This post has been brewing for a while. The seeds were planted last month, but the material didn't reach a meaningful conclusion until yesterday. I'll try to make some sense here.
Back in the late 90s I began to carry a shoulder bag back and forth to work. This came about because I gradually felt the need to carry more and more items to work at my various positions. I began carrying a bagged lunch. Then I added a notebook, a cellphone, a handful of small tools and various odds and ends. There have been a number of these bags. I've had tote bags, a couple of satchels, and a succession of laptop bags that have rarely carried laptops.

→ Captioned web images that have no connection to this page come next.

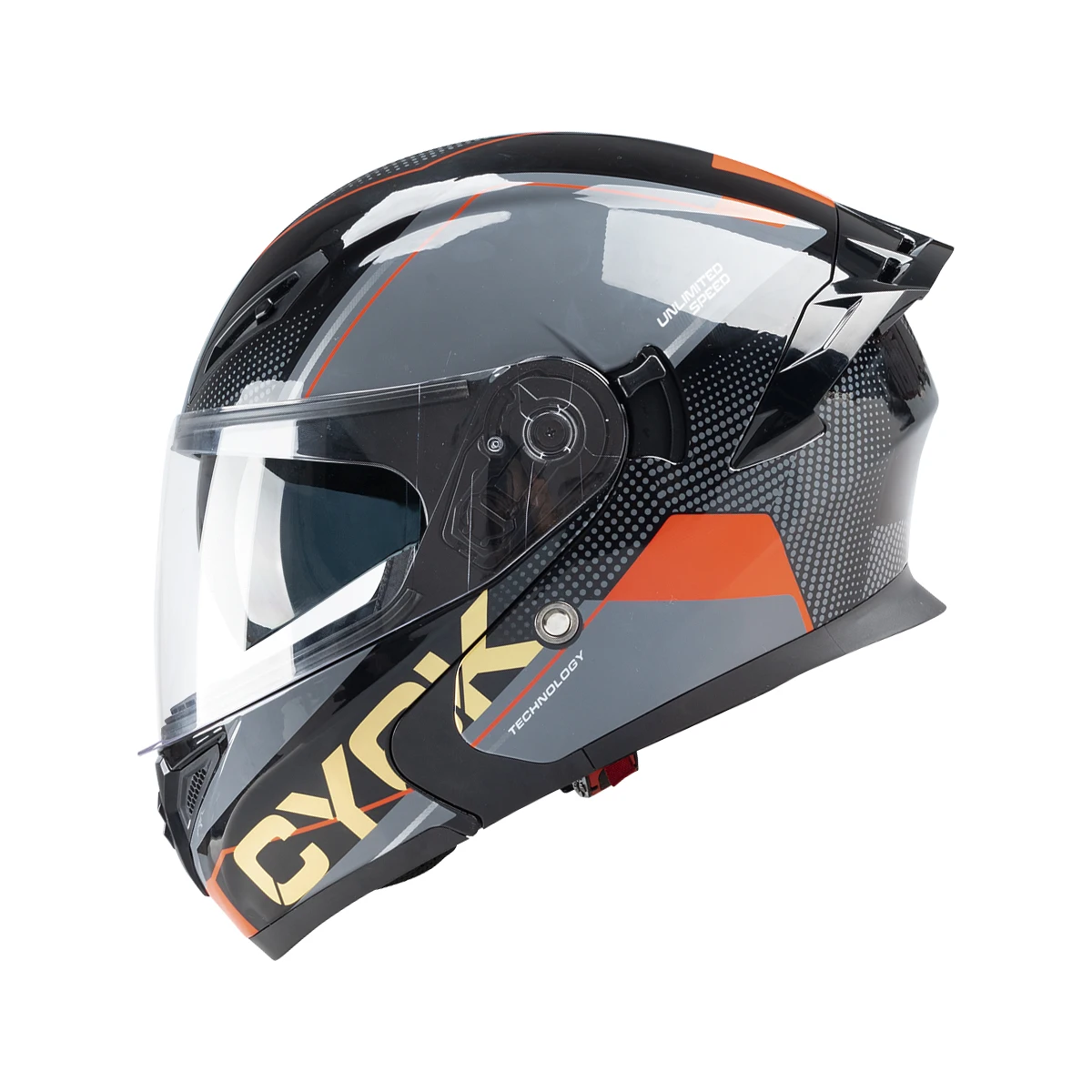 

Велосипедный мотоциклетный шлем в горошек, двухслойный шлем с двумя линзами, анфас, модульный шлем с клапаном, Casco Capacetes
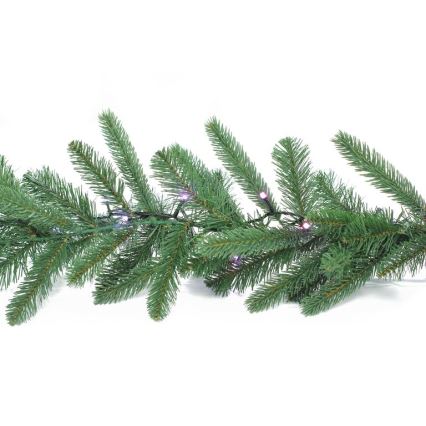 Twinkly - Dimmbare LED-RGBW-Weihnachtsdekoration PRE-LIT GARLAND 50xLED 3,15 m Wi-Fi
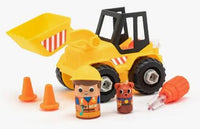 Design & Drill Bolt Buddies Bulldozer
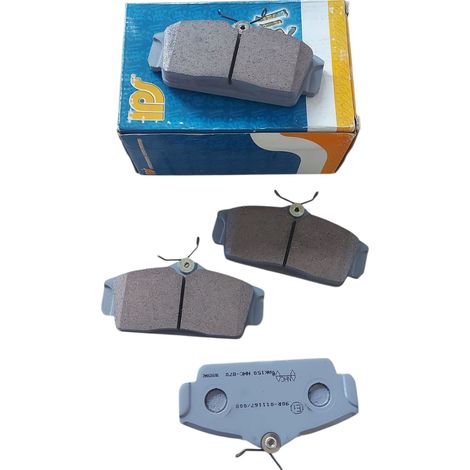 Pastiglie freno anteriori compatibile per nissan almera ii  primera p10  p11
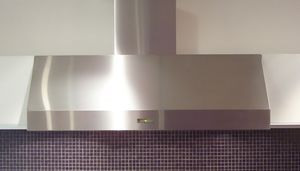 wall-mounted range hood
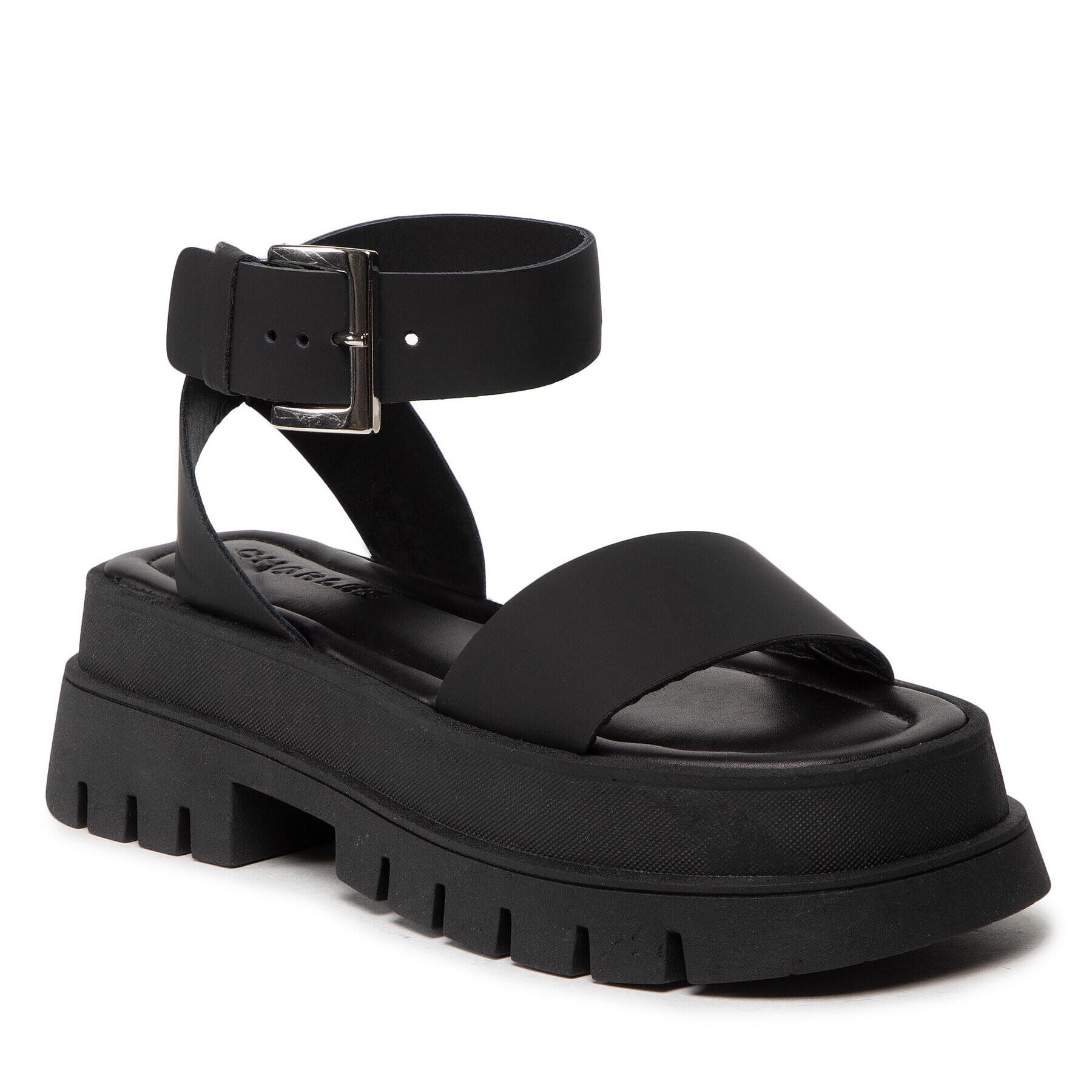 Charles Szandál Jinny Sandal Fekete - Pepit.hu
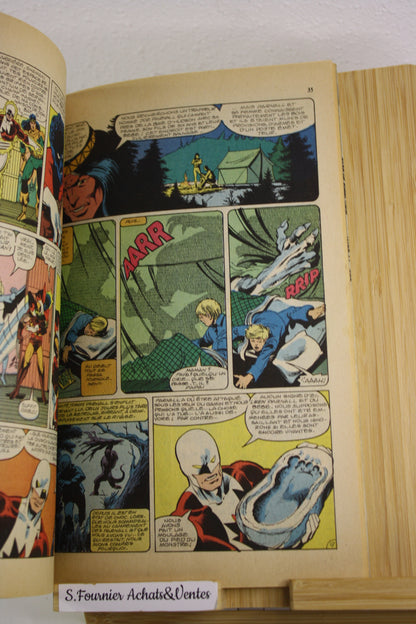 Les étranges X Men : Elégie = n°34 – Spécial Strange – Collectif – LUG – Périodique – 1983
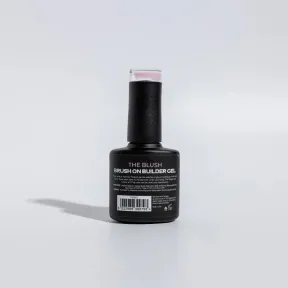 The Edge Brush On Builder Gel Blush 15ml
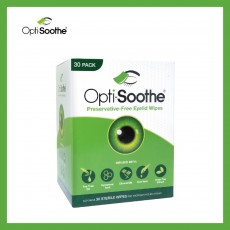 Opti-Soothe - 眼瞼護理濕紙巾 (30片)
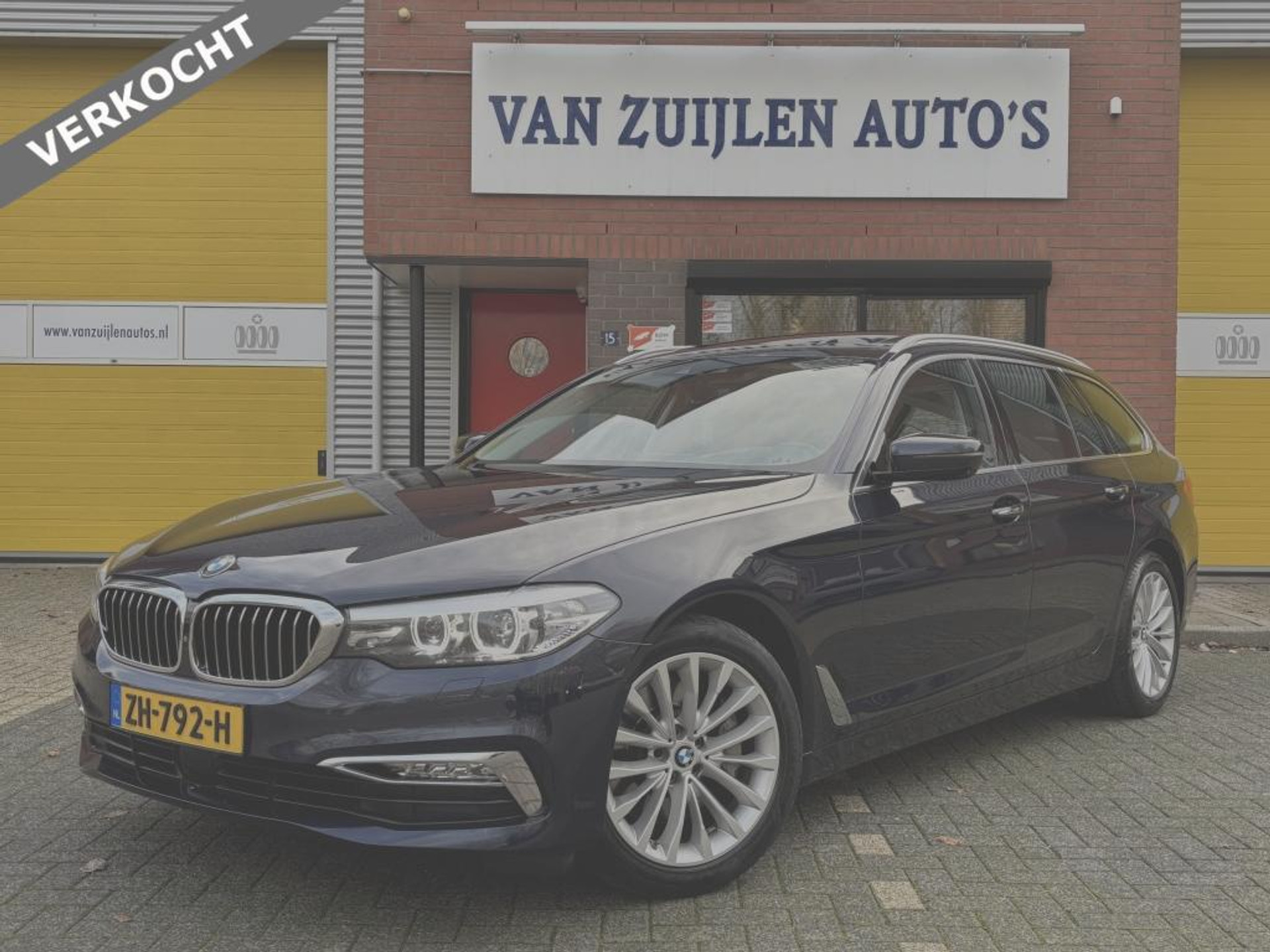BMW 5 Serie Touring 530d Luxury Panorama Head-Up ACC HK 360 Softclose VERKOCHT 49738319-0.jpg | Van Zuijlen Auto's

During the same period my working wardrobe began to evolve. I've mentioned before how limited my male wardrobe has become. At positions where uniforms weren't provided, I've worn my own clothes, usually a combination of male button-down shirts with female slacks. Most of those slacks have no pockets to speak of, so I'd gotten into the habit of carrying my wallet, phone, coins and anything else in the aforementioned bag. I've often jokingly referred to this bag as my "man purse". Sometimes this generates some ribbing, but it's all in fun, and I just smile my way through.
During the time I was out of work, my Green Dot card lapsed from non-use, and I've yet to sort out a new banking option since I started the new job. One week I cashed my paycheck, and the very next day someone went through my bag at work and stole the cash. No one understood why my wallet wasn't in my pants. No one questioned my gender, but I got a lot of funny looks. A couple of people asked me point-blank why I didn't carry my wallet in my pants. I just told them it was an old habit. That same day I received my new uniforms, including two pairs of khaki pants. Since that time, I've gone back to carrying my wallet in my pocket. No one has robbed me since, but what's the cost to my sense of self?

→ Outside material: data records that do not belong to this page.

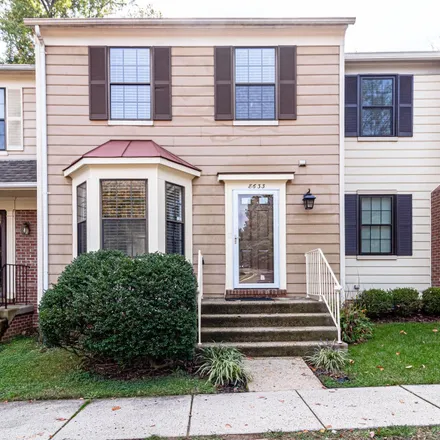 Rent this 3 bed townhouse on Pin Oak Court in Springfield Oaks, Fairfax County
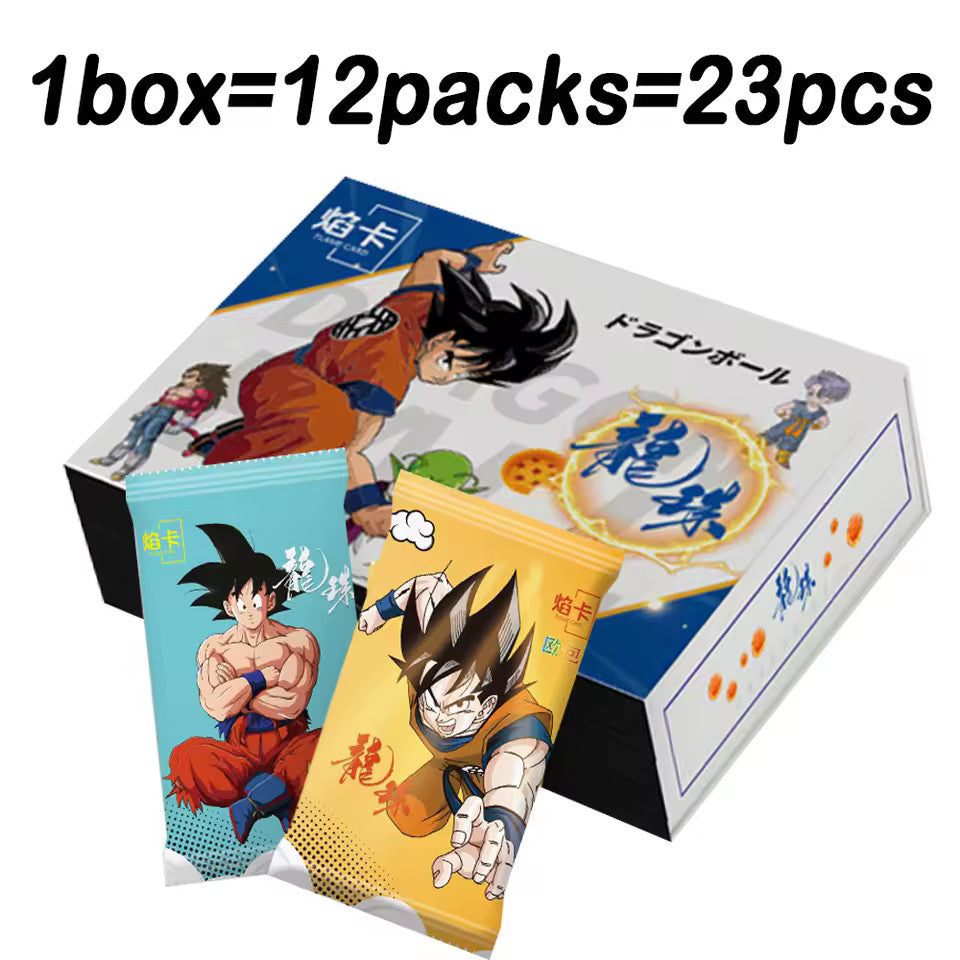 Dragon Ball Super Premium 12 Pack Booster Box Trading Cards Anime TCG Flame Card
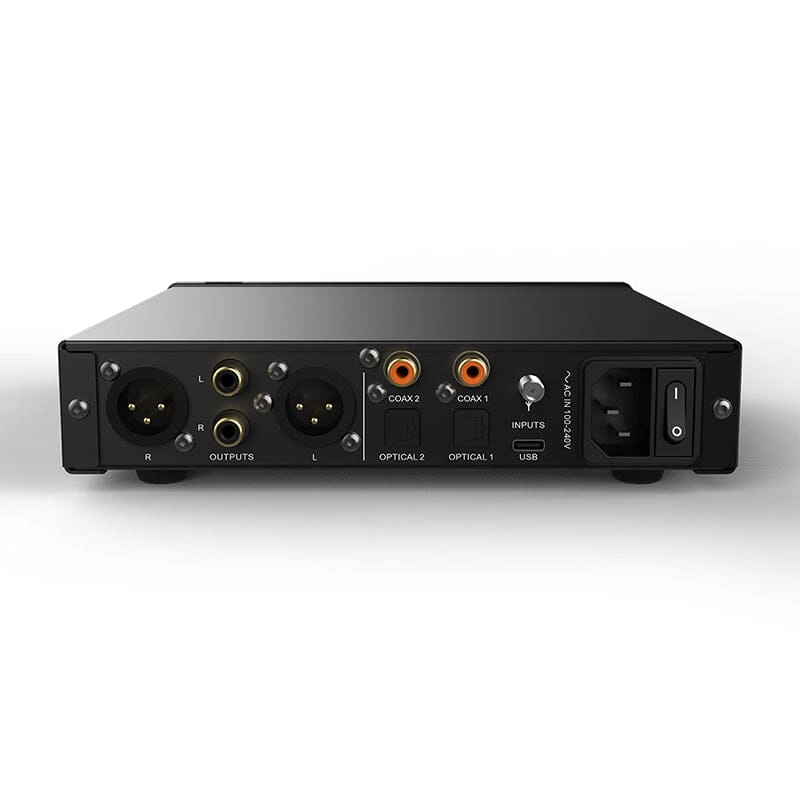 SMSL RAW-MDA1 Dual ESS ES9039Q2M Bluetooth 5.1 MQA Desktop DAC
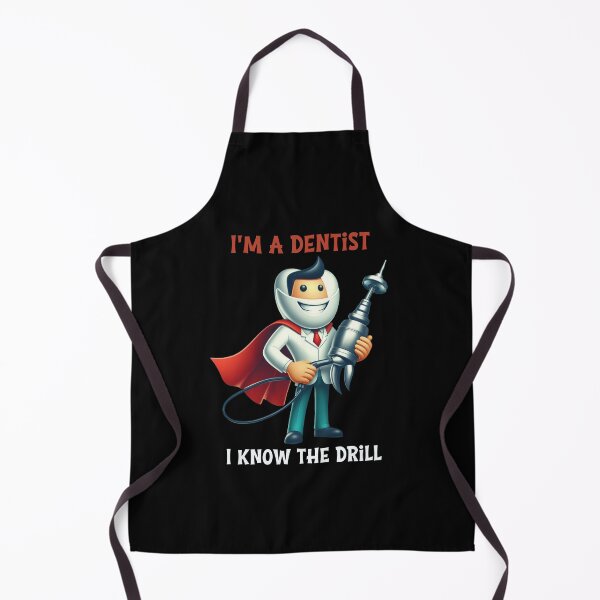 Item preview, Funny dental joke T-shirt: I'm a dentist designed and sold by ArtDesignMC.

I've spent the last weeks plotting my return to the world en femme. You'll remember that I was planning to do so back in August, but the time got away from me. I had planned to go out for the Skeptics' event last weekend, but a series of mishaps caused me to miss my bus, and I wasn't able to secure another ride, so I didn't go out. There's a reception Friday night for a show opening at the FSU Museum that I'm planning to attend. The show is called "Cute and Creepy". Sounds like it's right up my alley, doesn't it?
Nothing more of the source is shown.